Investigating Device Physics In Bulk Heterojunction Organic Solar Cells Through Materials Engineering Of Interfaces

We have designed and implemented several organic photovoltaic materials with the goal of engineering interfaces within bulk-heterojunction organic solar cells. In one project, we synthesized a C60 bis-adduct surfactant for use as a buffer layer between the photoactive layer and the thermally evaporated metal top contact of conventional structure, bulk-heterojunction organic solar cells.
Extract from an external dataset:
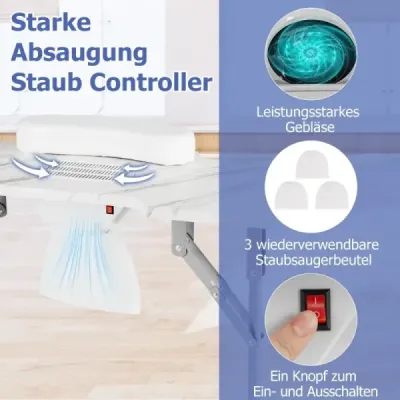 Skládací manikúrní stolek Nehtový stolek s elektrickým odlučovačem prachu Manikúrní stolek Bílý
By systematically varying the work function of the contact metal, with and without the surfactant buffer layer, we gained insight into the physics governing the photoactive layer/metal interface and vastly improved the device performance. By applying Mott-Schottky analysis to the capacitance-voltage data obtained for these devices we were able to conclude that the surfactant modifies the metal work function to an appreciable extent, and allows for efficient charge extraction and significantly enhanced open-circuit voltage regardless of the chosen contact metal. This enhancement allowed us to use more air-stable metals that would ordinarily be prohibited due to suboptimal energy level alignment at the electron-collecting electrode. In a second line of investigation, we used impedance spectroscopy to probe the charge carrier recombination dynamics and their effects on device performance in organic solar cells composed of poly(indacenodithiophene-co-phananthrene-quinoxaline), as well as its fluorinated derivatives, and various fullerenes. We find that the morphology of the blended photoactive layer has a strong influence on the electronic density-of-states distribution, which in turn directly affects the recombination rate as well as the achievable open-circuit voltage. We show that attempting to increase the open-circuit voltage through structurally tuning the energy levels of polymer and fullerene inadvertently introduces different bulk phase separation that leads to a reduction in photocurrent. We observe that the recombination lifetime decreases more dramatically with increasing excess photogenerated charge carrier density for blends with more finely separated phases and propose that the resulting increase in recombination surface area leads directly to reduced overall device performance, despite a marked increase in open-circuit voltage.